„Das europäische Haus braucht einen Garten"

Bild: BUND
BUND-Projektgebiet Mindelsee inmitten des großflächigen FFH-Gebietes "Bodanrück und westlicher Bodensee"

Unter diesem Motto entwickelten europäische Politiker, Parlamentarier und Naturschutz-Fachleute Ende der 1970er Jahre eine mutige Strategie für den Erhalt von Tieren, Pflanzen und deren Lebensräumen in Europa. Dies soll durch den Aufbau eines Netzes von natürlichen und naturnahen Lebensräumen verschiedener geografischer Regionen und von Vorkommen gefährdeter Tier- und Pflanzenarten erreicht werden. Dieses Schutzgebietssystem der Europäischen Union heißt "Natura 2000". Natura 2000 basiert auf der Vogelschutzrichtlinie (VRL) der Europäischen Union, der Fauna-Flora-Habitat-Richtlinie (kurz FFH-Richtlinie, FFH-RL) und begleitenden Förderinstrumenten.
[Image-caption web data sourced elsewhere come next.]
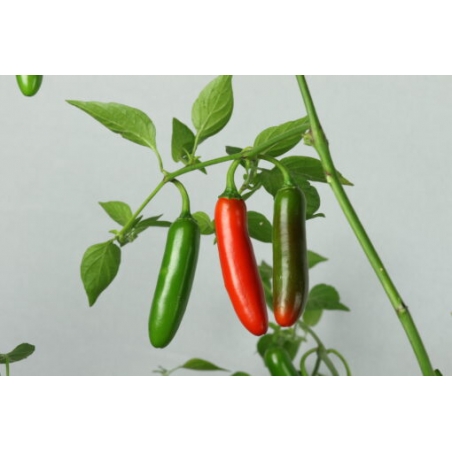Greendoor Serrano –  Chili Seeds
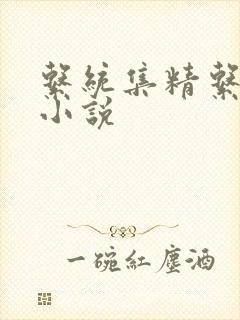 系统集精系统 小说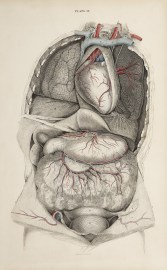 [VASCULAR] Dissection of the thorax and abdomen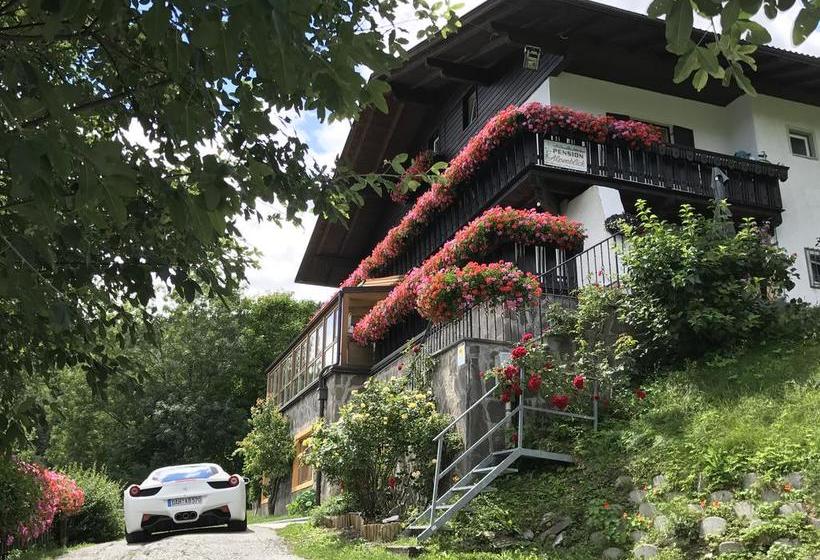 酒店 Alpenblick Bed & Breakfast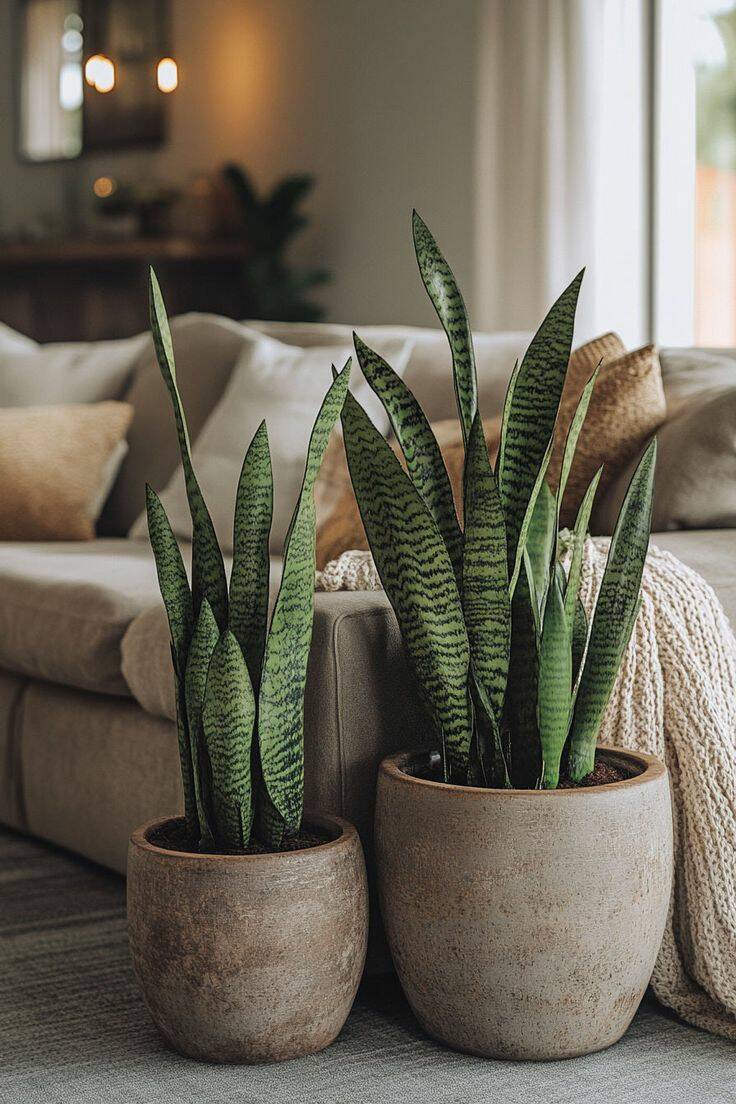 Cây Lưỡi Hổ Viền Vàng: Hợp Mệnh Gì? Cách Chăm Sóc Chi Tiết Cây xanh phong thuỷ Dịch vụ cây xanh Hướng dẫn chăm sóc cây Khu vực giao cây xanh Kỹ thuật trồng cây Loài cây Loài hoa Thi công công trình Thi công sân thượng Thiết kế sân vườn Vựa cây cảnh  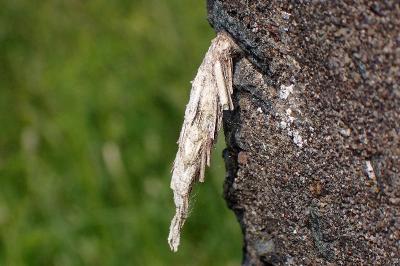 <i>Canephora hirsuta</i>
Das Netzwerk umfasst somit die Schutzgebiete nach der FFH-Richtlinie und der EU-Vogelschutzrichtlinie. Die Richtlinien enthalten Listen von Tier- und Pflanzenarten sowie eine weitere Liste von Lebensräumen, die europaweit geschützt werden sollen. FFH-RL und VRL sind verbindlich umzusetzendes EU-Recht und vor dem Europäischen Gerichtshof einklagbar. Sie sind herausragende Meilensteine des europäischen Naturschutzes. Die Richtlinien stellen heute die zentralen Instrumente zur Bewahrung der biologischen Vielfalt innerhalb der Europäischen Union dar.

1979 wurde die EU-Vogelschutzrichtlinie erlassen. Sie hat den langfristigen Schutz und die Erhaltung aller wildlebenden Vogelarten und ihrer natürlichen Lebensräume in Europa zum Ziel. Die Vogelschutzrichtlinie war die Vorlage für die Fauna-Flora-Habitat-Richtlinie, die 1992 von der EU-Kommission beschlossen wurde. Entscheidendes Motiv für die Zustimmung der EU-Mitgliedstaaten war das Bekenntnis, dass die Union europäischer Staaten weit mehr sein soll als ein „Verein zur Wirtschaftsförderung".

Reiherenten auf dem Mindelsee, Bild: BUND
Reiherenten bei der Herbstmauser auf dem Mindelsee bei Radolfzell am Bodensee

Mit der Ausweitung der EU gewinnen beide Richtlinien noch größere Bedeutung; das Natura 2000-Netzwerk wächst zum Wohl von seltenen und gefährdeten Lebensräumen und Arten. Das Besondere: Natura 2000 bedeutet eine am Ökosystem ausgerichtete Grundlage für die effektive Bewahrung eines Minimumbestandes an Lebensräumen und Arten. Eine derartige Grundlage gab es in den nationalstaatlichen Rechtssystemen der EU-Mitgliedsstaaten bislang nicht. Eine Übersicht über Internetseiten und Fachliteratur helfen Ihnen, intensiver in das Thema einzusteigen.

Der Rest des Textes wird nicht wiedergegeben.